Recently, I have completed the very first visit for the Patient Care (Feel Link) Project (PCP). The story of Mr Yung, the patient whom I visited, does reveal a less familiar side of the lives of chronic health patients. Giving is receiving. The visit not only provides me with a precious opportunity to care for the people in need, but it is also very enlightening and deepens my understanding about the profession.

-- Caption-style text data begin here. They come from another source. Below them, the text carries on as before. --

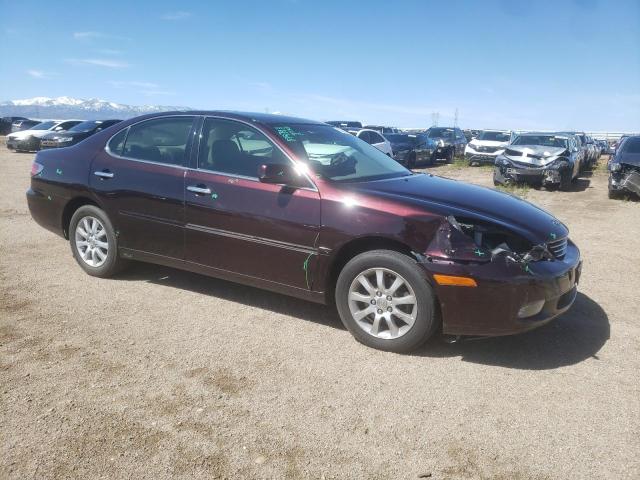 2003 Lexus Es 300 VIN: JTHBF30G936012668 Lot: 50360054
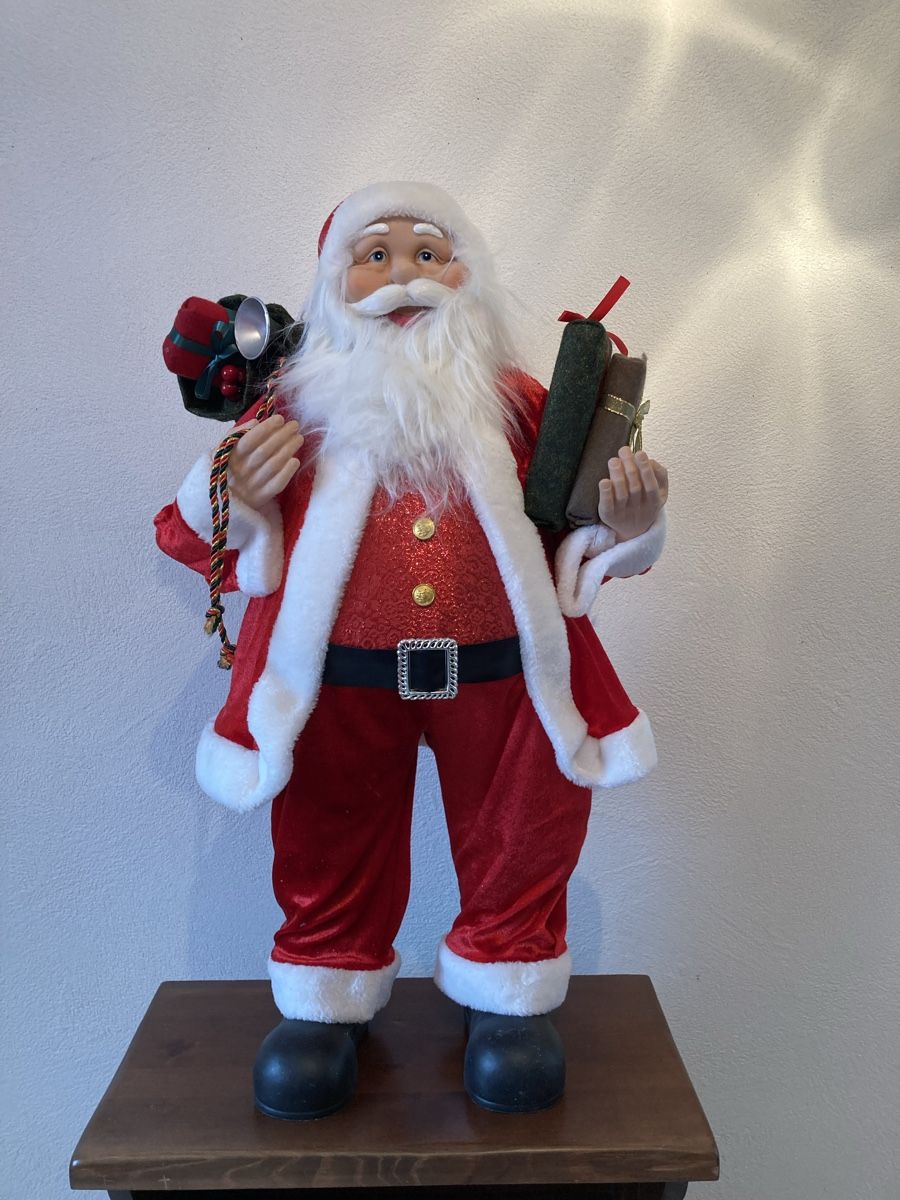Alle Dekorationen: Weihnachtsmann – Neu (gemäss Beschreibung) aus Einsiedeln von Brocki59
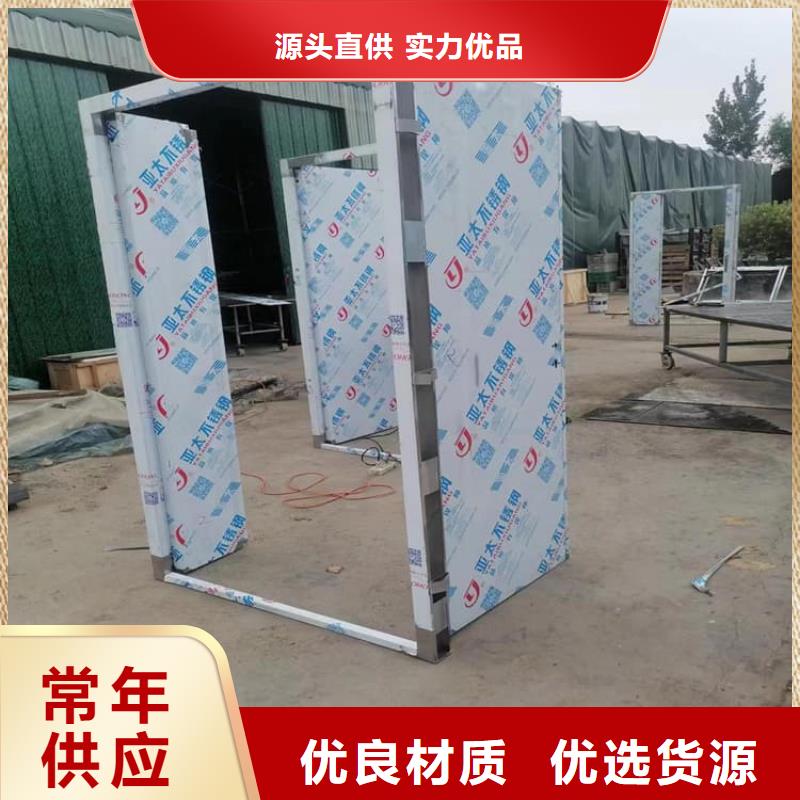诚信的铅门生产厂家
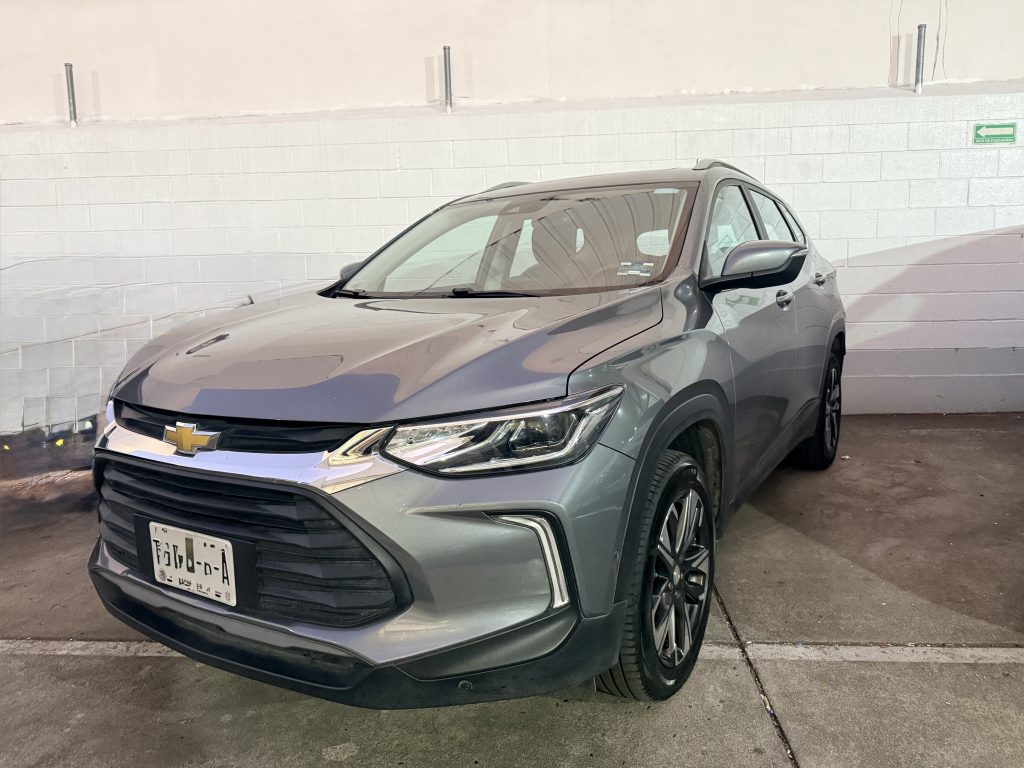 Foto de Chevrolet Tracker Premier 2023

I am assigned to work with a MBBS year 1 student for the whole project. We visited Mr. Yung at Ruttonjee Hospital on 23rd February, 2011. He is a patient who suffers from chronic asthma, GI impairment and allergic rhinitis. He has also undergone several major operations and these operations bring him numerous long-term defects, ranging from failing to have normal solid food intake to receiving long-term drug treatments. Not difficult is it to imagine he leads an inconvenient life because of his chronic illness. I do feel greatly compassionated and empathetic towards his pain. This visit is a precious experience that I can have never come across during lectures, so I cherish this visit much.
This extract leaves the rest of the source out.